商品開発においてフレームワークを活用することのメリットは、以下の通りだ。

・フェーズごとに思考を整理できる
・目的をもった思考がしやすくなる
・課題が明確になる
・自社商品の強みを認識できる
・戦略やアクションを立てやすい
・メンバー間で共通認識を持てる

情報を整理することで課題が明確になり、チーム内で共通認識を持ったうえでアウトプットへと進めることができる。商品開発では検討すべき事項も多く、「クオリティ」「スピード」「効率性」も求められるため、フレームワークを効果的に活用することで、コスト削減や業績改善なども期待できるだろう。

フレームワークを利用する際の注意点


フレームワークは、あくまでも成果を創出するための手段の一つに過ぎない。フレームワークを実施して終わるのではなく、実際のアクションに移したり、本来の目的達成に向けて複数のフレームワークを組み合わせたりすることも重要だ。次のブロックからは、フェーズごとに有効なフレームワークを紹介していく。


市場分析、消費者理解に役立つフレームワーク

商品開発の際には、まずは市場のニーズや消費者の思考・行動パターンの分析を的確に行うことが重要だ。市場分析、消費者理解に役立つフレームワークを紹介する。

AISAS


「AISAS(アイサス)」とは、消費者の5つの行動プロセス「Attention(認知)」「Interest(興味・関心)」「Search(検索)」「Action(購買)」「Share(共有)」を可視化するフレームワークのこと。

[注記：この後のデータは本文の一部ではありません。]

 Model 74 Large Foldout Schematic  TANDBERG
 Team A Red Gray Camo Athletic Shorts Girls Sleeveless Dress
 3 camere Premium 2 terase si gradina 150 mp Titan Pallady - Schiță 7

インターネットの普及に伴い、従来の消費者の行動プロセスを辿るフレームワーク「AIDMA(アイドマ)」から派生したもので、AIDMAに比べ、Webでの検索やSNSでの情報発信をふまえた内容になっている。

ECサイトにおいては、インターネットの利用を前提としたAISASを利用することで、より効率的なマーケティング戦略や事業運営につなげることができるだろう。

ポジショニングマップ


「ポジショニングマップ」は、市場における自社サイトの位置付けを分析するためのフレームワーク。商品のポイントとなる項目を縦軸と横軸に設定し、自社サイトや競合他社が現在どのポジションに位置しているのかをマッピングすることで、業界全体の状況を可視化していく。

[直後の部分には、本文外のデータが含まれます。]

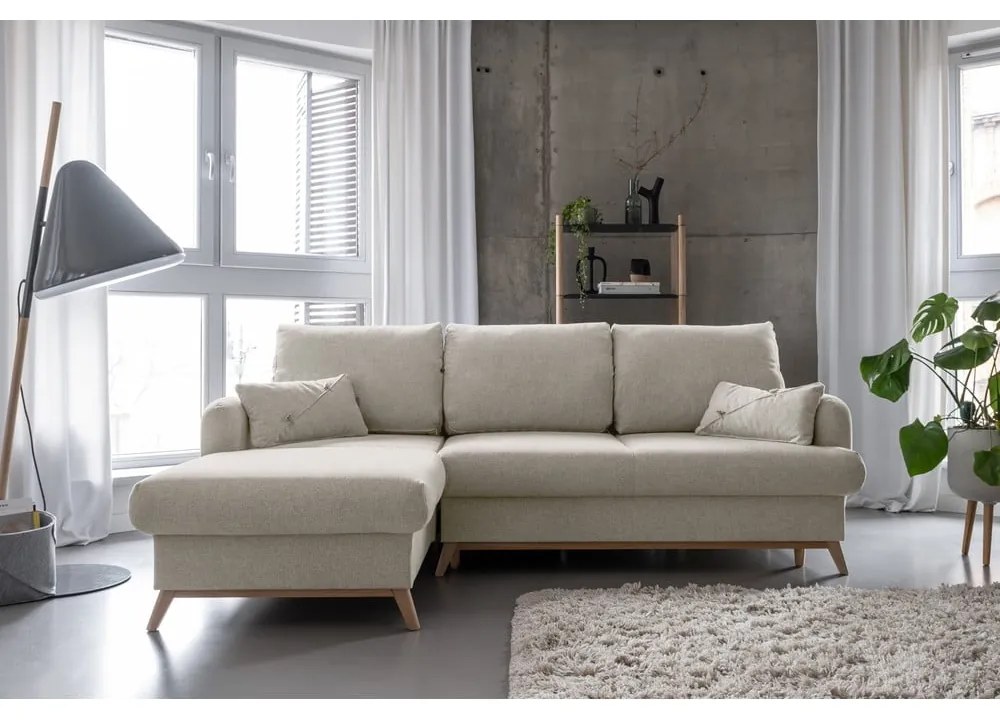 Divano letto angolare beige, angolo sinistro Scandic Lagom - Miuform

業界全体におけるポジションを把握することで、自社が差別化を図るためのポイントや、商品開発で狙うべき戦略を検討しやすくなることが特徴だ。


マーケティング戦略に役立つフレームワーク

続いて、自社商品を売り出すためのマーケティング戦略に役立つフレームワークを紹介する。

ペルソナ分析


「ペルソナ分析」は、収集したユーザーの情報をもとに「ターゲットとなる顧客」を想定すること。想定したキャラクターの精度が高いほど、企業内におけるターゲット層の認識のずれを減らし、ユーザーのニーズにあった商品開発やアプローチを検討しやすくなるという効果がある。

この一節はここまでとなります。